- ASSIGNMENT:
What the answer must hold is the line containing "法拉利碾压梅赛德斯，勒克莱尔状态火热" and all lines after it through the end of the listing, copied exactly, with pictures left out.

- PROVIDED DATA:
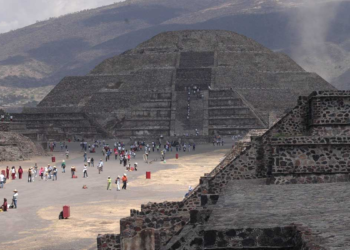 INAH ya permite que visitantes suban a la Pirámide de la Luna en Teotihuacán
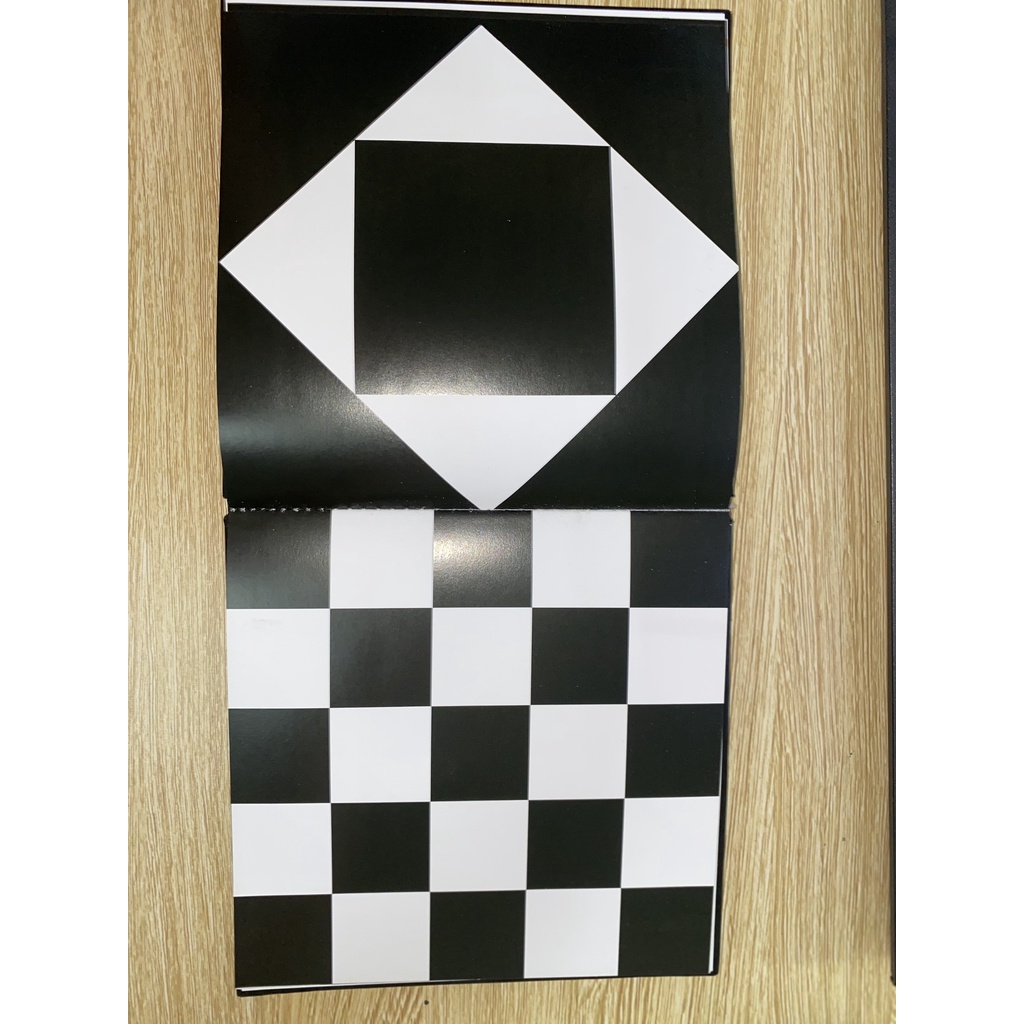 Sách - Kích thích thị giác cho bé - Sách bìa cứng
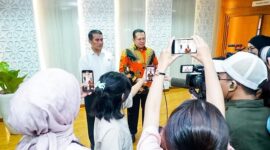 Ketua MPR RI Bambang Soesatyo bertemu Menteri Pertanian Amran Sulaiman, di Kantor Kementerian Pertanian. (Instagram.com @bambang.soesatyo)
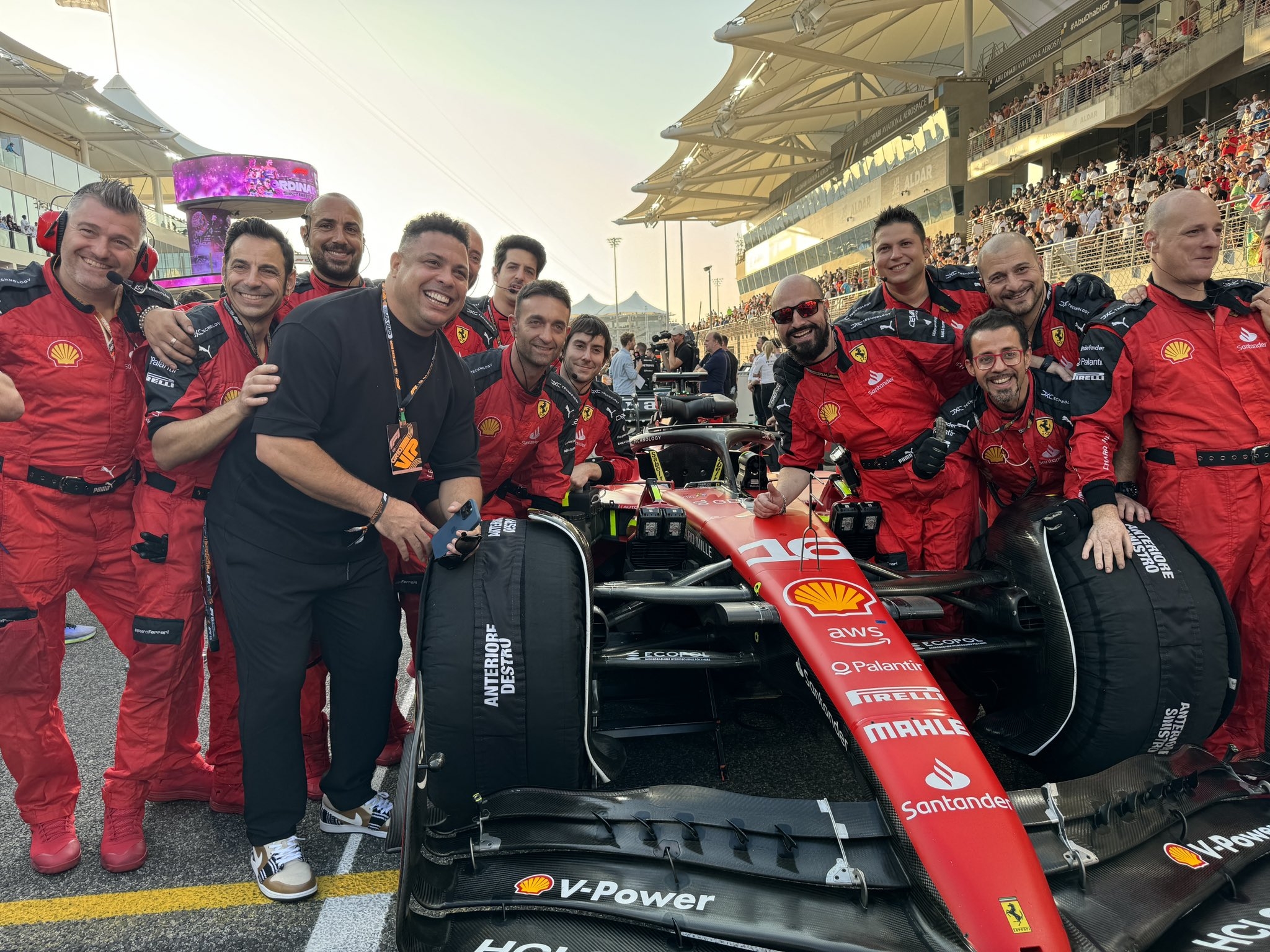 法拉利碾压梅赛德斯，勒克莱尔状态火热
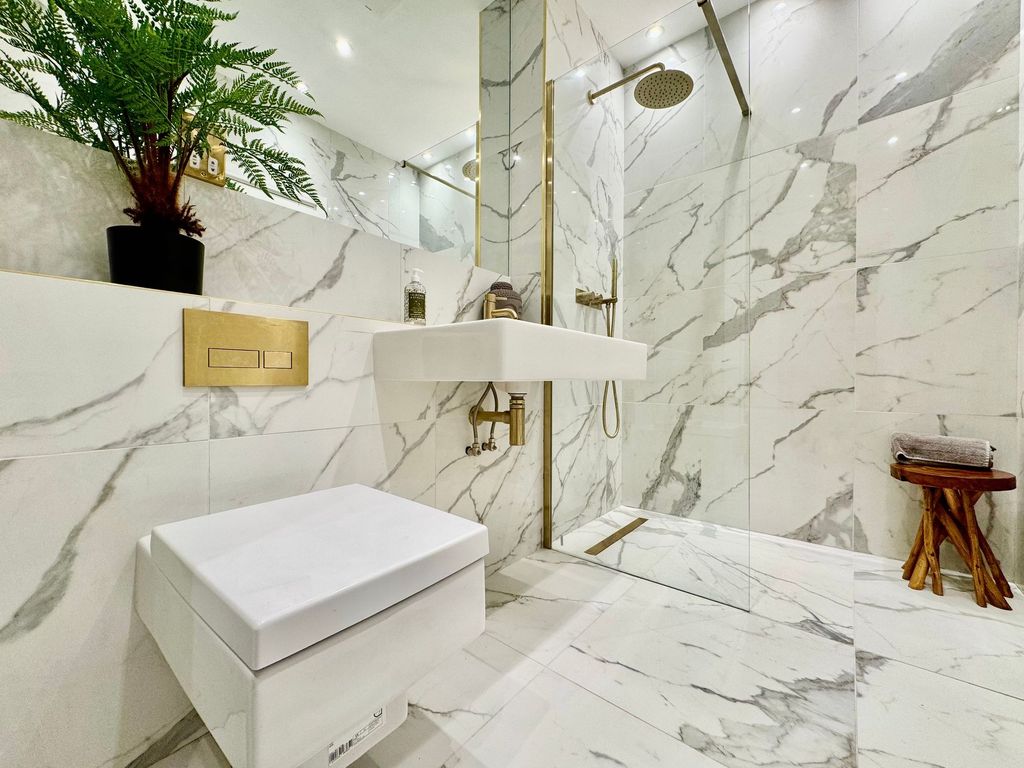 Property photo 2 of 16 Family Shower Room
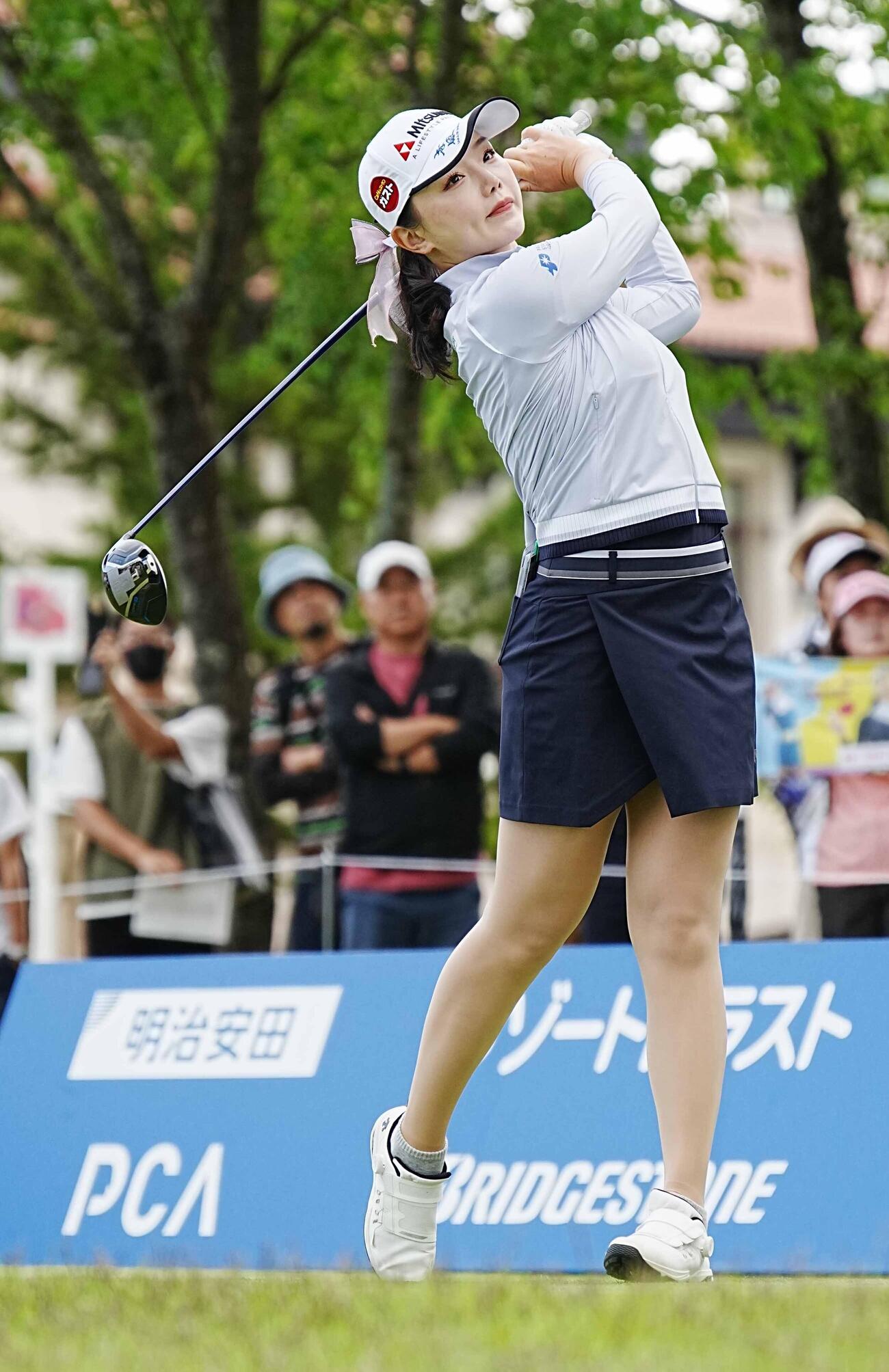 リゾートトラストレディース第2日　1番、ティーショットを放つセキ・ユウティン（撮影・小沢裕）＝2026年5月29日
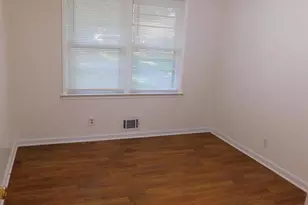 4618 Bartlett Rd, Forest Park, GA 30297 - Photo 6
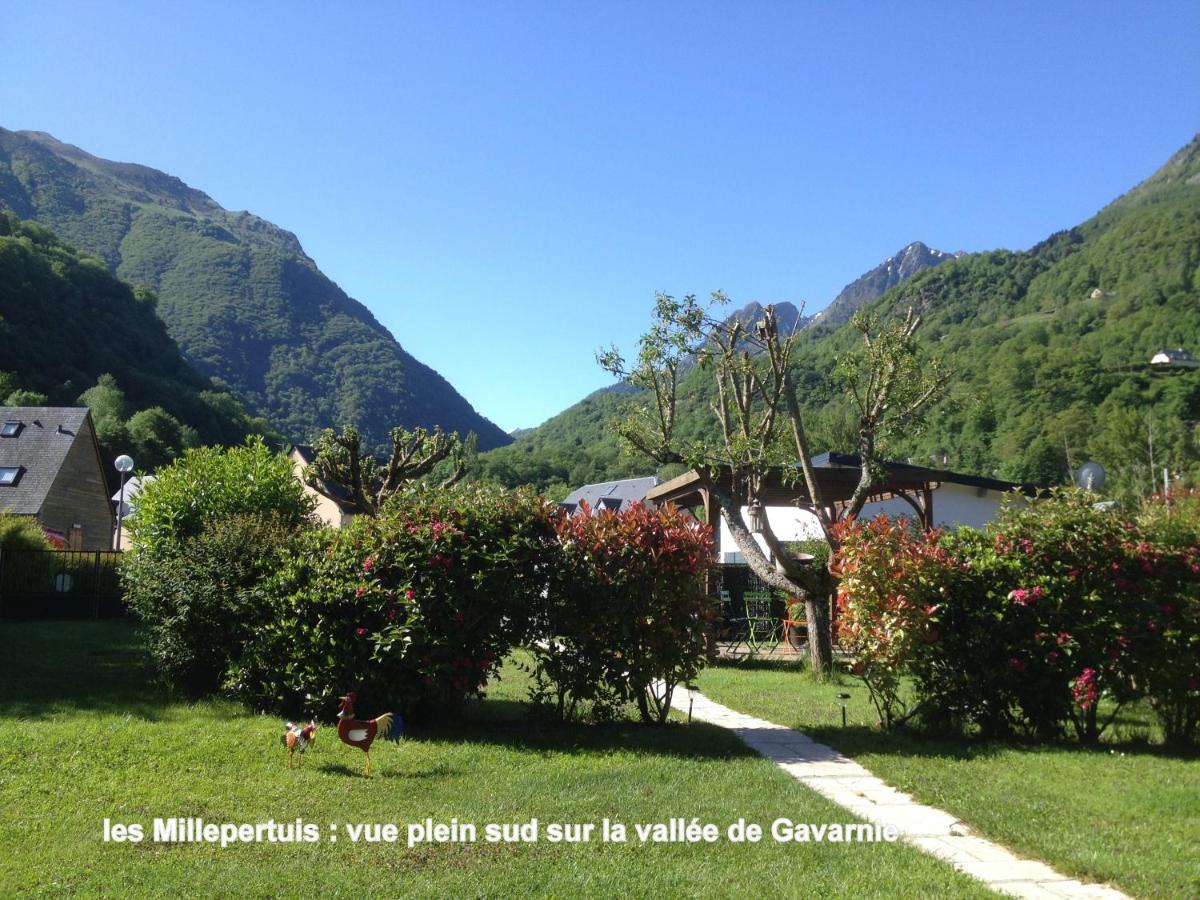 Les Millepertuis Villa Luz-Saint-Sauveur Bagian luar foto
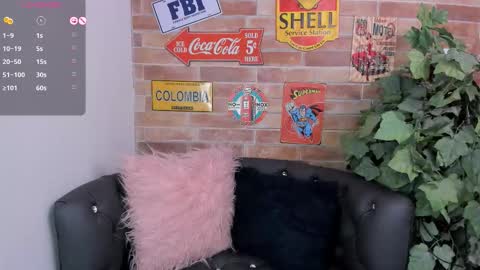 Snapshot of miss__zoe chatting on October 2, 2025, 6:15 pm Zoe online show from October 2, 2025, 6:15 pm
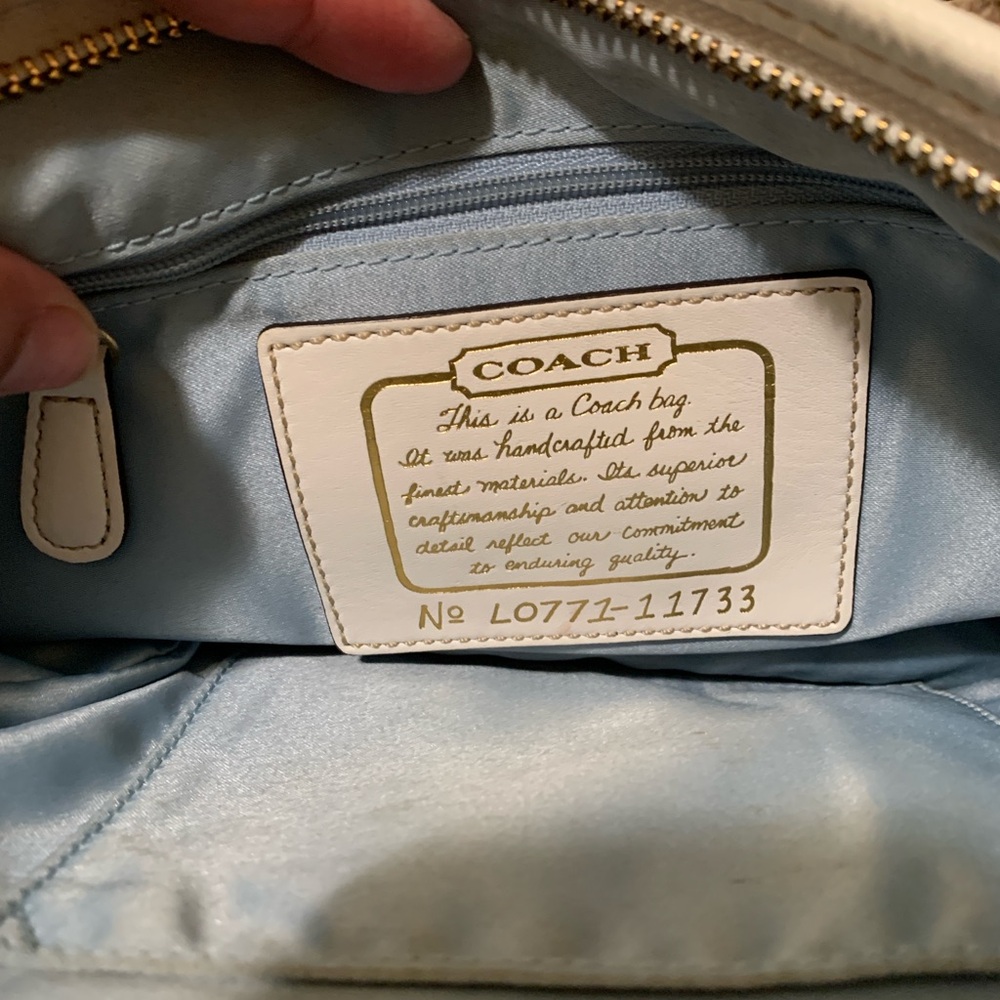 Coach Small Purse l0771-11733 - Picture 2 of 4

- WRITTEN REPLY:
 法拉利碾压梅赛德斯，勒克莱尔状态火热
 Property photo 2 of 16 Family Shower Room
 リゾートトラストレディース第2日　1番、ティーショットを放つセキ・ユウティン（撮影・小沢裕）＝2026年5月29日
 4618 Bartlett Rd, Forest Park, GA 30297 - Photo 6
 Les Millepertuis Villa Luz-Saint-Sauveur Bagian luar foto
 Snapshot of miss__zoe chatting on October 2, 2025, 6:15 pm Zoe online show from October 2, 2025, 6:15 pm
 Coach Small Purse l0771-11733 - Picture 2 of 4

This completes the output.